The #218704, Zodiaco I concession is situated in the community of Buen Pais, approximately 15km south-east of the municipality of Tonila and 30km from Colima. The definitive purchase agreement also includes a 150tpd capacity processing plant.
In accordance with the agreed terms, AABB will pay $700,000 for the property. The deal also includes an option to acquire two additional Zodiac concessions.
Asia Broadband president and CEO Chris Torres said: “The Zodiac is an amazing acquisition for the us in terms of its production potential and economic value."
In brief
Rio Tinto to temporarily halt Serbian lithium project
Anglo-Australian metals and mining firm Rio Tinto said it will cut all ties with Russian businesses, in the wake of the country’s military invasion of Ukraine, reported Reuters. The latest move comes due to increasing pressure on Western firms to exit Russia.
Brazil calls for lifting Amazon mining ban in wake of Ukraine conflict
Brazilian President Jair Bolsonaro has called for the lifting of mining restrictions in indigenous territories in the Amazon amid the Ukraine crisis, reported the Global Times via Agence France-Presse. The move is aimed at offsetting potential shortages for fertilisers amid escalating tensions between Russia and Ukraine.

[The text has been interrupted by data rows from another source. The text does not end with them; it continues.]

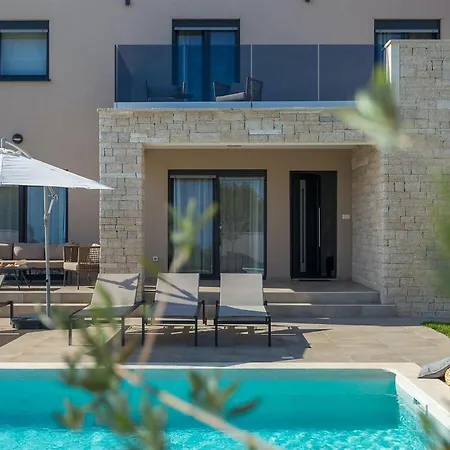 Holiday home Omnia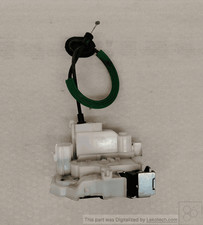 51987603 Serratura porta post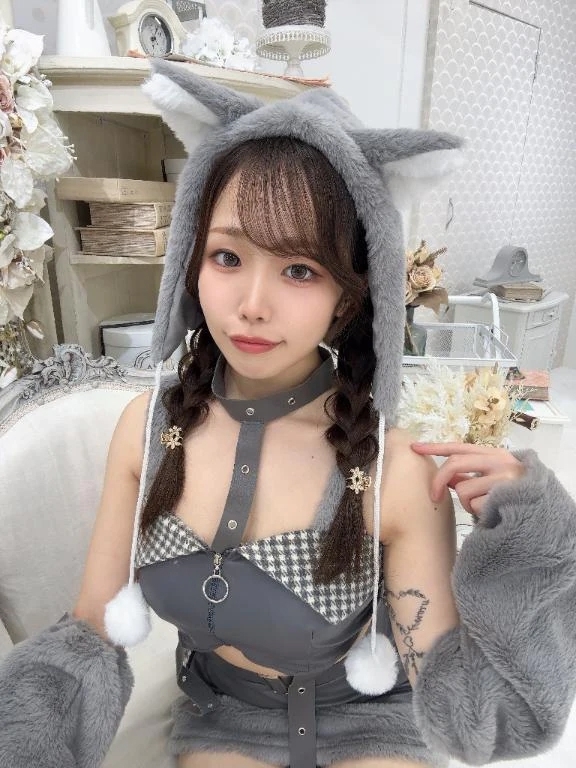 🩵自己紹介🐥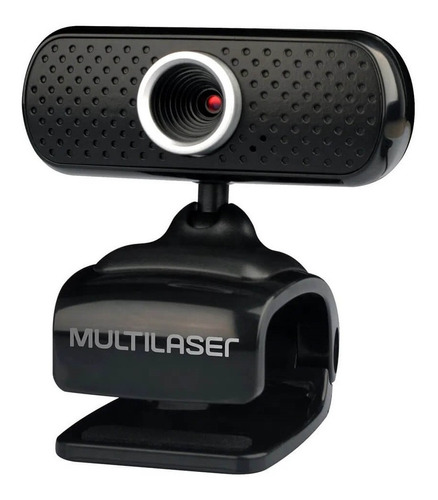 Webcam Camara Web Usb Pc Microfono Zoom Videollamadas Skype
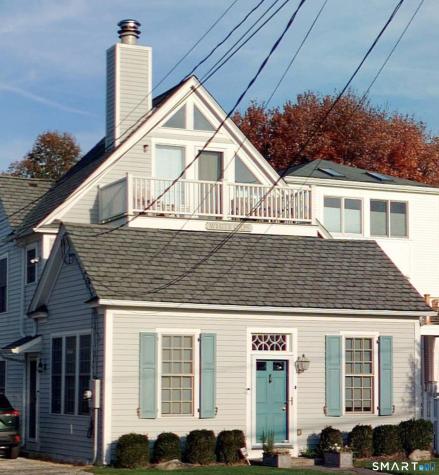 664 Fairfield Beach Road Fairfield CT 06824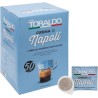 8024608004156 Toraldo Cialde Crema di Napoli Espresso 50pz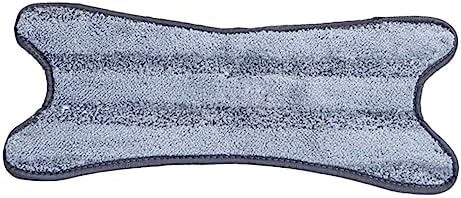 FRCOLOR 1Pc Multi Function Butterfly Mop Cloth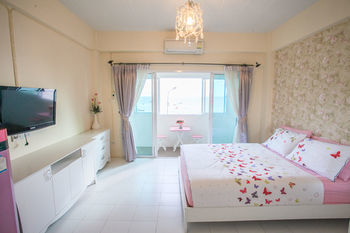 Sea Trees Guest house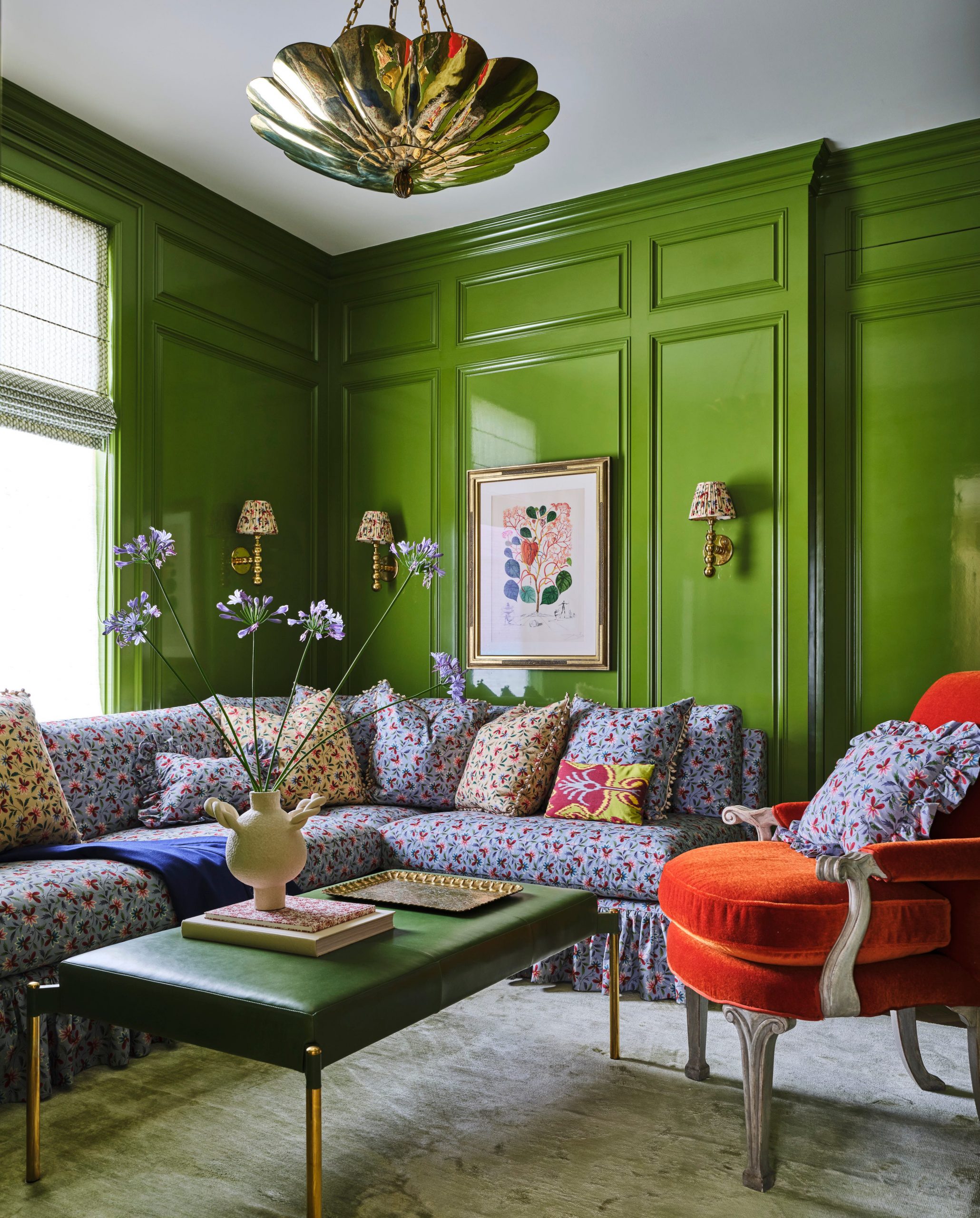 The 7 Biggest Interior Design Trends for 2026, According to Designers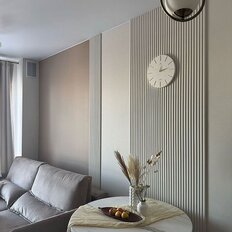 Квартира 34 м², 1-комнатная - изображение 4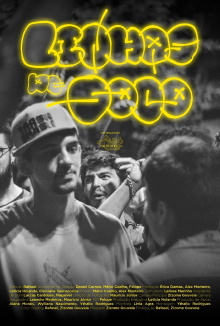 Linhas de Soco Trailer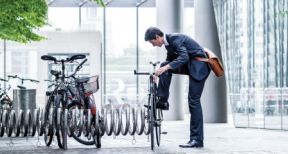 « Forfait mobilit&eacute;s durables » : du nouveau !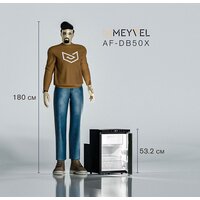Meyvel AF-DB50X Image #23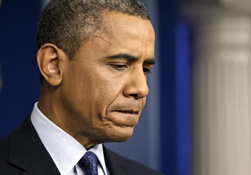 Barack Obama (AP Photo)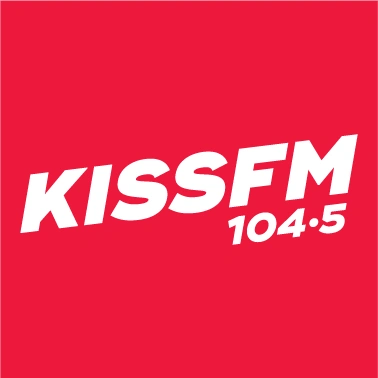 KissFM 104.5 live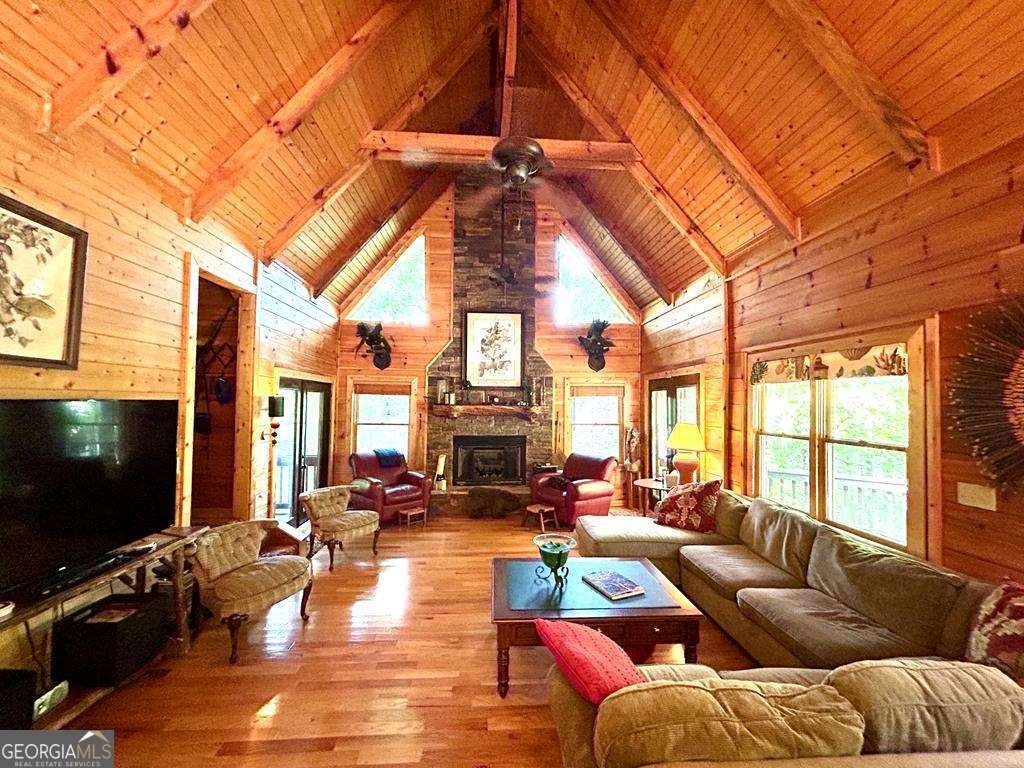 212 Dream Cove Road Blue Ridge - 46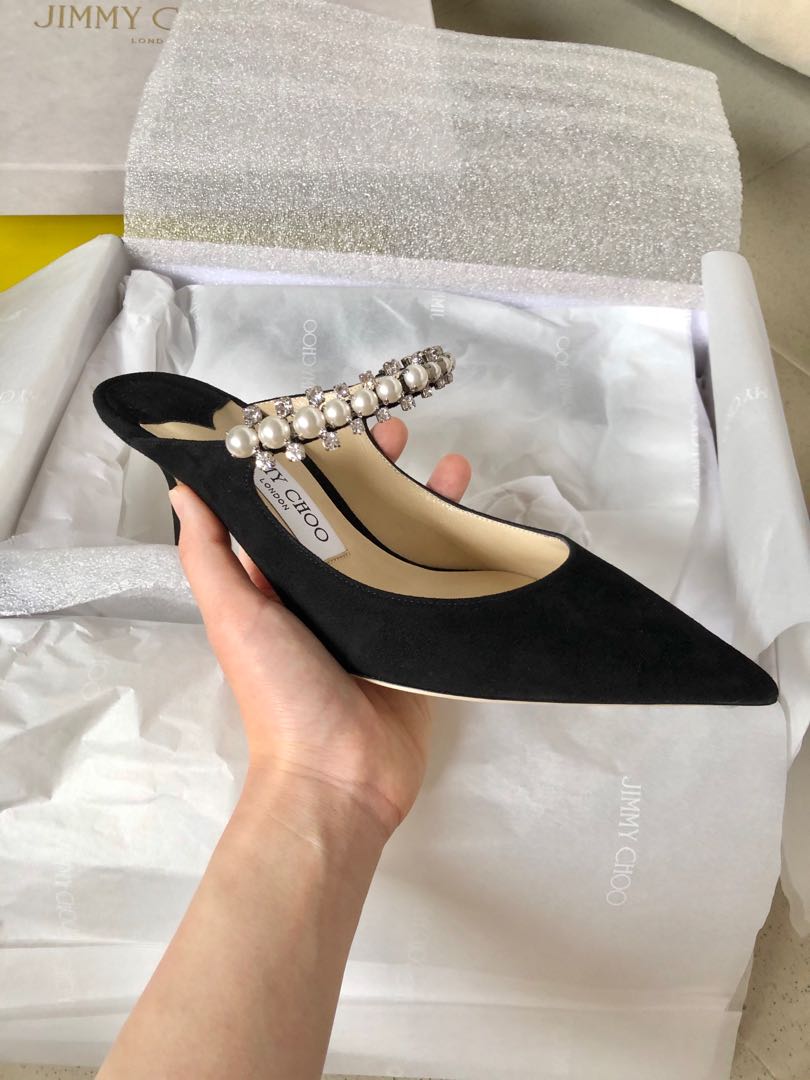 Bing 65 jimmy choo hotsell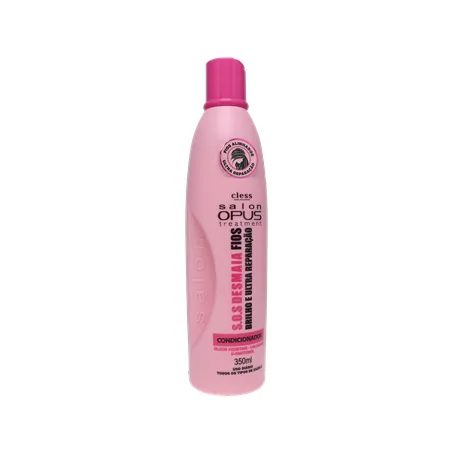Condicionador Salon Opus Regeneração Completa Frasco 350ml 360-34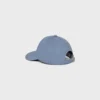 Gorra de béisbol Triomphe en gabardina de algodón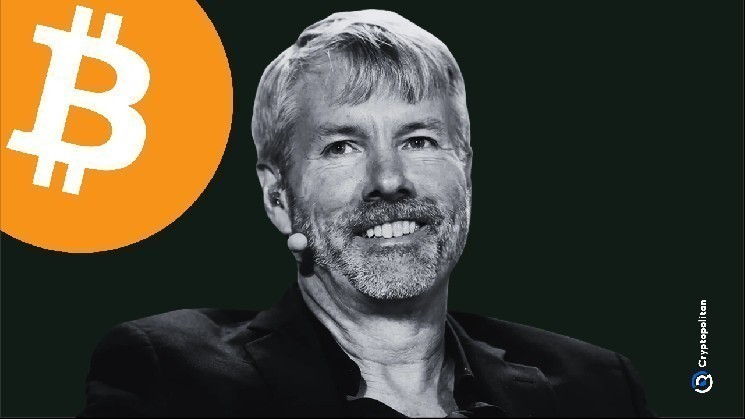 مايكل فان جيرفن يثير تكهنات بشأن شراء جديد للبيتكوين مع بقاء سعره قرب 90 ألف دولار.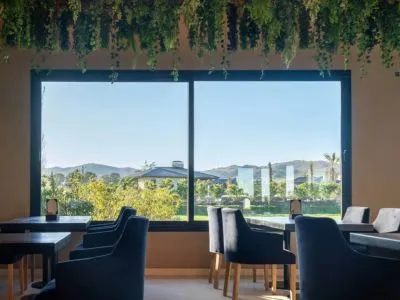 Cabins Los Alerces Resort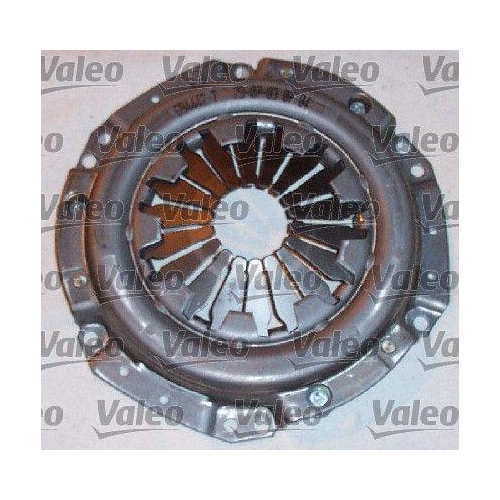 VALEO Kupplungssatz 3KKIT 801417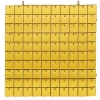 Kurtyna panelowa zasłona tło dekoracja złoty 30x30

Kinross Gold to halt Russia operations amid Ukraine crisis
Canadian miner Kinross Gold is suspending all of its operations in Russia following the country’s invasion of Ukraine. The gold and silver mining company will suspend activities at its Udinsk development project in Khabarovsk Krai, and operations at its Kupol gold mine, which are located around 7,000km away from Ukraine.
Glencore reviews businesses in Russia amid Ukraine crisis
Anglo-Swiss commodity trading and mining company Glencore is reviewing all of its business activities in Russia following the country’s invasion of Ukraine. Among the activities under review is Glencore’s equity stake in Russian aluminium and hydropower group En+.
ALROSA launches project to convert its vehicles to natural gas
Russian miner ALROSA has launched a project to convert its vehicles from gasoline and diesel to natural gas to cut greenhouse gas emissions and boost economic efficiency.